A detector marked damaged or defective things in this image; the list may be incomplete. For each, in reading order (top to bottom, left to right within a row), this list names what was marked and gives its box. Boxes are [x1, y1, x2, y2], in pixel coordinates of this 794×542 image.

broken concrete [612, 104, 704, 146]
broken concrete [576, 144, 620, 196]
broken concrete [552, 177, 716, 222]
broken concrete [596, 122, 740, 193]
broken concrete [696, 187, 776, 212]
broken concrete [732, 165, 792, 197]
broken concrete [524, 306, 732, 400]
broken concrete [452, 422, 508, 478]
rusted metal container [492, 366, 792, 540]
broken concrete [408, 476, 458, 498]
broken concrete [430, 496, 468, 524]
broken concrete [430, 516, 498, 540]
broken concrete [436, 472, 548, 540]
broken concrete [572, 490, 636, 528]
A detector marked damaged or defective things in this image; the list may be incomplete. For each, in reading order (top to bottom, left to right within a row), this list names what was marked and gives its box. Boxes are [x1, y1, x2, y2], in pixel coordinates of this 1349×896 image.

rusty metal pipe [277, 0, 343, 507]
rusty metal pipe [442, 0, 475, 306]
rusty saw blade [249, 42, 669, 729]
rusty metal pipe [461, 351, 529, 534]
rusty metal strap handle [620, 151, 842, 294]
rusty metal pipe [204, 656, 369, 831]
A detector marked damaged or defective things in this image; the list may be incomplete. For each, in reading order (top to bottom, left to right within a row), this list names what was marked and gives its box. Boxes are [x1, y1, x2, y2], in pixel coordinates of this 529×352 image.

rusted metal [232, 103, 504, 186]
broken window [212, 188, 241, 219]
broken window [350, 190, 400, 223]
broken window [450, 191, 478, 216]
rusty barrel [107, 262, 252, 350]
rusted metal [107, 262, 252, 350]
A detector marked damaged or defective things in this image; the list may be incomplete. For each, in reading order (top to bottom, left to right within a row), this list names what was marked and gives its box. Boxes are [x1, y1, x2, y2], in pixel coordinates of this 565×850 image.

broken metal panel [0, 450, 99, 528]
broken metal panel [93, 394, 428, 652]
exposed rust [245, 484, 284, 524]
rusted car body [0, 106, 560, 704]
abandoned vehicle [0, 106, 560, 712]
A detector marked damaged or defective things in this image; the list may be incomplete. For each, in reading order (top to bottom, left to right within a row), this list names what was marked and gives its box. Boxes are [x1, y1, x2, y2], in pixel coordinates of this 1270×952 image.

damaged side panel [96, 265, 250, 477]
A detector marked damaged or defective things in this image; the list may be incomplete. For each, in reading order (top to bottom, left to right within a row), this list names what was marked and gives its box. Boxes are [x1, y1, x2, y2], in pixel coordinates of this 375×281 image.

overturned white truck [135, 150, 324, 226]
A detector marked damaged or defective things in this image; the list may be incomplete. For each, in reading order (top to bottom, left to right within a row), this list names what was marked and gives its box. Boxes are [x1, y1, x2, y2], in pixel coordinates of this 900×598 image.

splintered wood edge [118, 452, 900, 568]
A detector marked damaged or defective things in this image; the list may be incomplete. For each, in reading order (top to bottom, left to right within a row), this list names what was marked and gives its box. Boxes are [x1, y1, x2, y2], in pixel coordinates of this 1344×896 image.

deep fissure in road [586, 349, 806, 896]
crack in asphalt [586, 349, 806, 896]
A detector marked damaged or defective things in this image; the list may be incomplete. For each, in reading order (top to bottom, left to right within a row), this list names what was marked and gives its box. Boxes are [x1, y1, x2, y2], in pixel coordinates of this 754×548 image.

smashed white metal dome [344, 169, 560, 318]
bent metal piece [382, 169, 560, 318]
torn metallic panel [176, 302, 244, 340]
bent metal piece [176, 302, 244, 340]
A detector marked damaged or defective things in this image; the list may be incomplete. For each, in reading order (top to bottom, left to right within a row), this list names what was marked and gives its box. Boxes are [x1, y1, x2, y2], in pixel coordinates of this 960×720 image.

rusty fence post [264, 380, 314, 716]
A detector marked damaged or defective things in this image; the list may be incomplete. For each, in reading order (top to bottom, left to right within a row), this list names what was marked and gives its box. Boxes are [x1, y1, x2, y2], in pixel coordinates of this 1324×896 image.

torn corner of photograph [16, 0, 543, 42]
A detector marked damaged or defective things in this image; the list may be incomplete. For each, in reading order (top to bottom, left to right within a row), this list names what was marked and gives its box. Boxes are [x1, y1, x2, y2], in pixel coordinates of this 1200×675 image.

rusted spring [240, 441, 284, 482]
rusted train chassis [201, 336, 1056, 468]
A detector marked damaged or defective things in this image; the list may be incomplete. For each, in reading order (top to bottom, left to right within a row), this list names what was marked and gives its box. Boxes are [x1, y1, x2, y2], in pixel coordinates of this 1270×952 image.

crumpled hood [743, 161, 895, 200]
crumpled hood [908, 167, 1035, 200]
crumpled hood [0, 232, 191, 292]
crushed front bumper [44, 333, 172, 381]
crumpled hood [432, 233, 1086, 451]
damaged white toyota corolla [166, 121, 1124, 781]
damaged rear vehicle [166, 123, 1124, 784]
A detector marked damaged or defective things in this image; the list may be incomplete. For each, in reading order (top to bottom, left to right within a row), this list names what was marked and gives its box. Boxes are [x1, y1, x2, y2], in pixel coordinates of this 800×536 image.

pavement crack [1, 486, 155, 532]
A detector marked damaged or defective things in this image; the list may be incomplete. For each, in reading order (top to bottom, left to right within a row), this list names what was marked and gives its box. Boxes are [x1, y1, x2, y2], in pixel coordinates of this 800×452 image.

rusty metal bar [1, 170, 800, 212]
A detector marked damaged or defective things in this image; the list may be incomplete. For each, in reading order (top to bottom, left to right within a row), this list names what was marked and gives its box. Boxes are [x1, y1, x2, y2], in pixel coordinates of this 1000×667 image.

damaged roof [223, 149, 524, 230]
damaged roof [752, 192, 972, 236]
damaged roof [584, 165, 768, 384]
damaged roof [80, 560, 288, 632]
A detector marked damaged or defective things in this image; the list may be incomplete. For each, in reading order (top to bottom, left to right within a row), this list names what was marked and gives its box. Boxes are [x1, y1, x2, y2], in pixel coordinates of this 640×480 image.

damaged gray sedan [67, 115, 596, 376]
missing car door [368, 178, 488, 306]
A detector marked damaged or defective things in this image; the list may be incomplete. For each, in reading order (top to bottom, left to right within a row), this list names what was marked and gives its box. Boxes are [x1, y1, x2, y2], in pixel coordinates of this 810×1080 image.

──────────────────────────────

- _Prompt_
Give back exactly the lines from the one that contains "this 640×480 image." to the end of the data above, both of those lines included.

- _Written answer_
A detector marked damaged or defective things in this image; the list may be incomplete. For each, in reading order (top to bottom, left to right within a row), this list names what was marked and gives its box. Boxes are [x1, y1, x2, y2], in pixel coordinates of this 640×480 image.

damaged gray sedan [67, 115, 596, 376]
missing car door [368, 178, 488, 306]
A detector marked damaged or defective things in this image; the list may be incomplete. For each, in reading order (top to bottom, left to right within a row), this list names what was marked and gives its box. Boxes are [x1, y1, x2, y2], in pixel coordinates of this 810×1080 image.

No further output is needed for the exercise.